A quem não conhece esse
autor, fica a impressão, se não a convicção, de que se trata de um escritor
contemporâneo, do nosso tempo, o que, óbvio, não é verdadeiro. Ele não se
limita a contar uma história, com vários e vários personagens (tanto os criados
por ele, quanto muitos reais, que de fato existiram), mas exerce sutil crítica
social, ponderada,serena, equilibrada e justa, sem descambar para o
panfletário. Uma das curiosidades desse livro é que ele teve três versões
diferentes (duas das quais publicadas), cada qual com seu título próprio,
ambas, é claro, de autoria de Manzoni. A primeira, foi a concluída em 1823,
cuja redação iniciou em 1821. O escritor não ficou, todavia, satisfeito com o
resultado. Reescreveu-a quase que por completo e publicou-a em 1827, com o
título de “Fermo e Lucia” (nome dos dois principais personagens da história).
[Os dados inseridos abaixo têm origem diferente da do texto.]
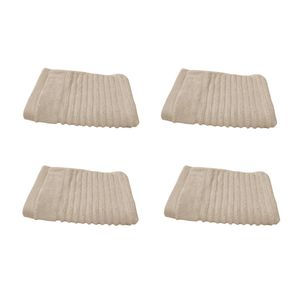 Set of 4 100% Cotton Face Washers Aspiree 33 x 33cm Beige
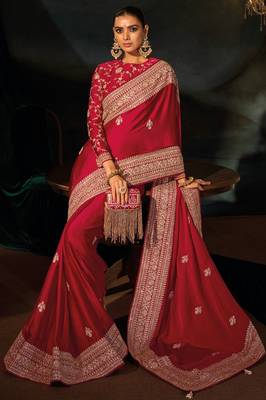 red viscose zari, sequins with cut-dana heavy hand work saree with blouse 2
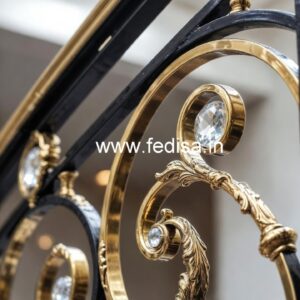 Elegant Stair Railings with Brass Crystal CR-7737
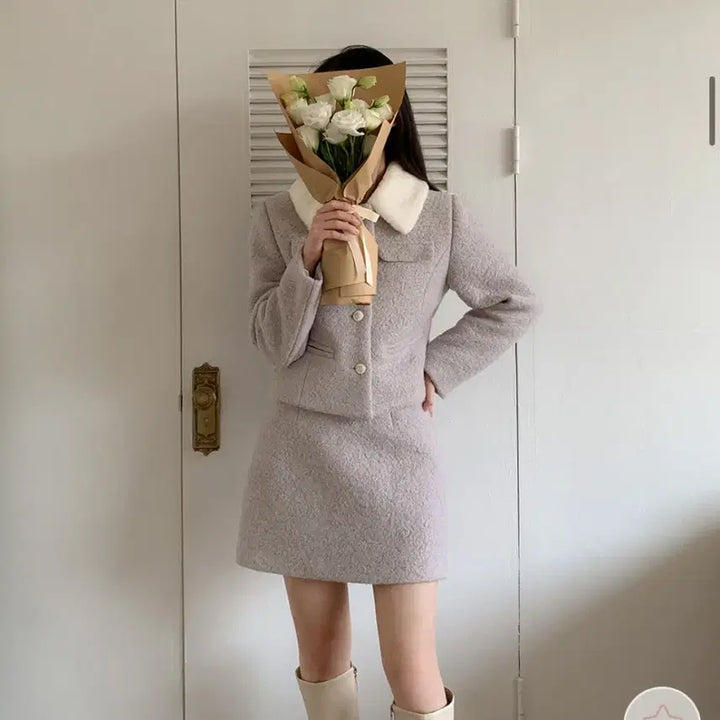 [BUNJANG] Attirance Tweed Wool Boucle Mini Skirt Lavender M / 아뜨랑스 트위드 울 부클 미니스커트 연보라 m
Essa versão foi toda escrita no dialeto falado em Florença.
Passados 13 anos, não
se sabe por que, Alessandro Manzoni resolveu reescrever, agora pela terceira
vez, seu romance. E intitulou-o “I promessi sposi”, que ficou sendo o título
definitivo. O livro lançado no Brasil como “Os noivos” é o desta versão final.
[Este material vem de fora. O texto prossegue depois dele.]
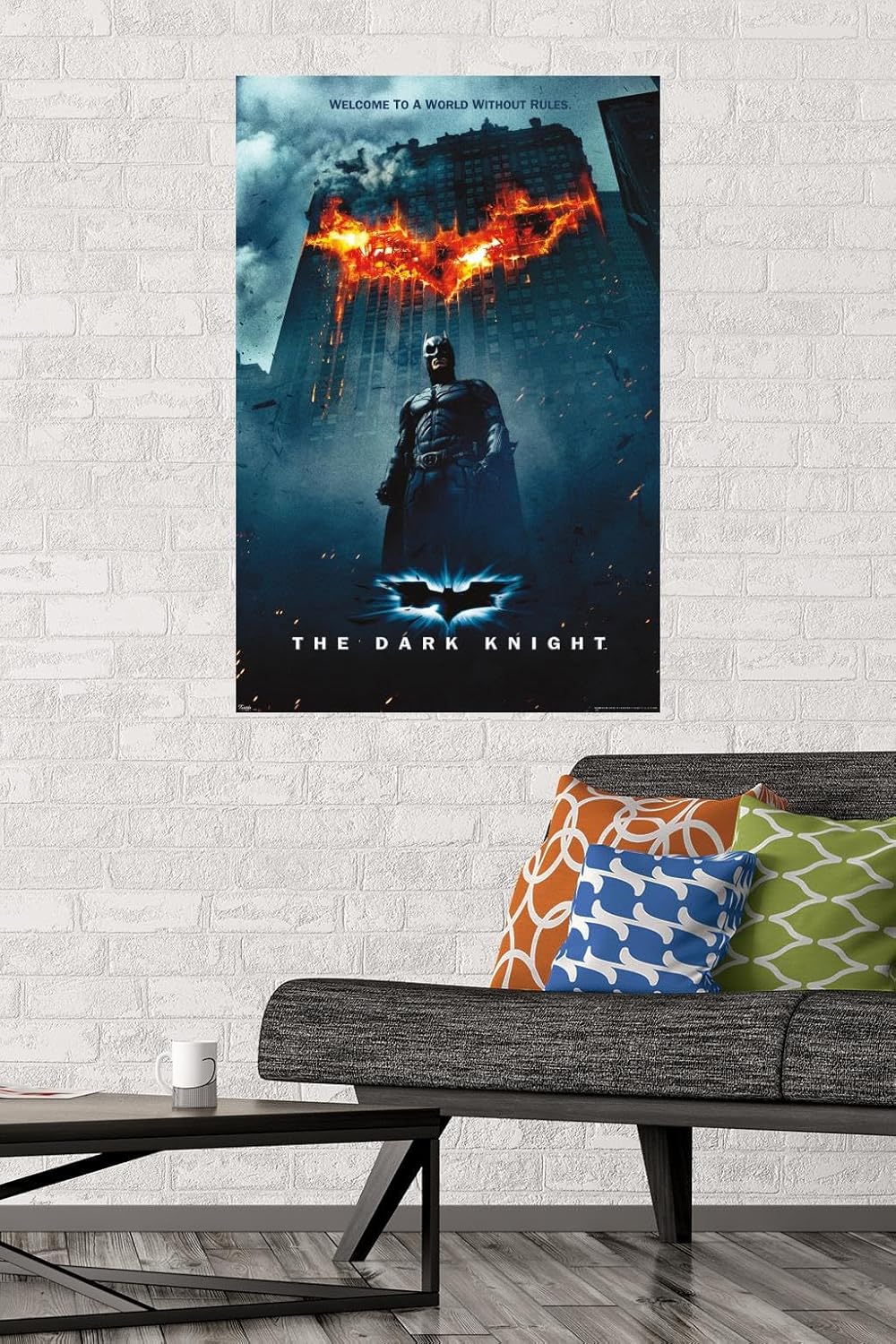 Trends International Batman Logo On Fire Wall Poster - 22.375" x 34" Unframed Decor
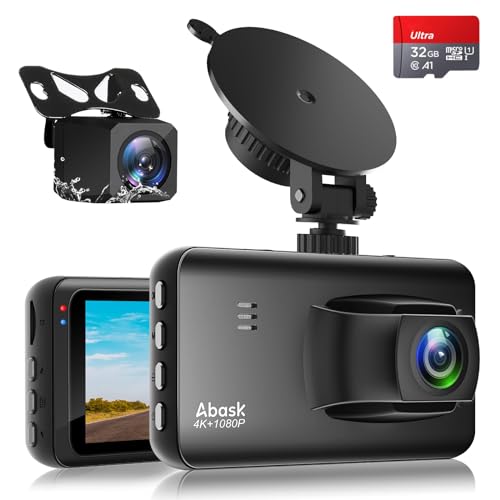 Abask 4K Dashcam Auto Vorne Hinten 2160P+1080P Autokamera mit Parküberwachung, Bewegungserkennung, Rückfahrhilfe, 3Zoll, 320 ° Weitwinkel, Nachtsicht, WDR, G-Sensor, Loop-Aufnahm, Max 256 GB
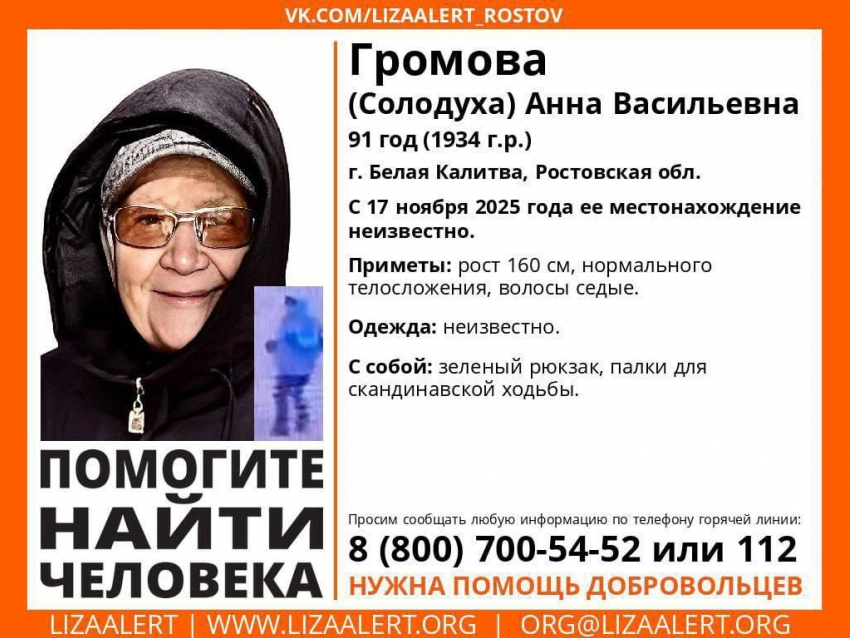 В Ростовской области уже пятый день ищут пропавшую 91-летнюю бабушку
Além do título, Manzoni alterou, ainda, entre outras modificações que fez, o
nome do principal personagem masculino, que era originalmente Fermo e passou a
ser Renzo. Outra particularidade dessa nova (e definitiva) edição é o fato dela
ter sido escrita no que hoje é o idioma oficial da atual Itália. Foi uma das
primeiras obras literárias escritas nessa língua. Ela ficou conhecida nesse
país como “edizione quarantana” (em alusão ao ano de 1840). O importante é que
o livro é, consensualmente, um clássico não apenas das letras italianas, mas da
Literatura contemporânea mundial.
Manzoni trata da
epidemia não somente como “balizadora” da época em que se desenrola o enredo,
como era comum na época. A doença tem papel importante na narrativa (diria,
até, essencial). Explico. Entre as inúmeras peripécias do casal apaixonado,
separado aos pés do altar justo no momento em que iria se casar, está o que
poderíamos chamar de “seqüestro” de Lúcia, por parte do fidalgo Dom Rodrigo
(que de fato existiu). Essa figura sinistra, conhecida na localidade como
“Innominato” (aquele que não se pode nomear), tinha motivo muito forte pára ser
chamada assim. Havia, em várias partes da Europa daquele tempo, uma espécie de
perverso costume em que as camponesas bonitas (e Lúcia o era), antes de se
casarem, tinham que “entregar a virgindade” ao poderoso senhor local. E o tal
senhor da localidade era Dom Rodrigo. A moça, todavia, com sua bondade e
ingenuidade, conseguiu demover o pilantra de deflorá-la.
Enquanto isso, Renzo
vive o drama de sair da sua terra e percorrer outros caminhos, que o levariam a
questionar e rever seus valores, ameaçado que estava de perder até a identidade
e suas raízes. Ele imbui-se do propósito de lutar pelos desvalidos ao
testemunhar o sofrimento da população esquecida pela nobreza. Com isso, vive
verdadeira revolução interna que transforma sua luta em algo bem mais intenso
do que a simples procura pela amada. E onde entra a epidemia nessa questão?
Quando tudo parecia perdido para o casalzinho apaixonado, vem a peste bubônica,
que finda por “escrever certo por linhas tortas”. A doença simplesmente elimina
o feroz inimigo, o Innominato, o fidalgo Dom Rodrigo, que morre vítima da
doença, fazendo com que se tornasse finalmente possível a união tão desejada de
Renzo e Lúcia, impedida pelo poderoso vilão.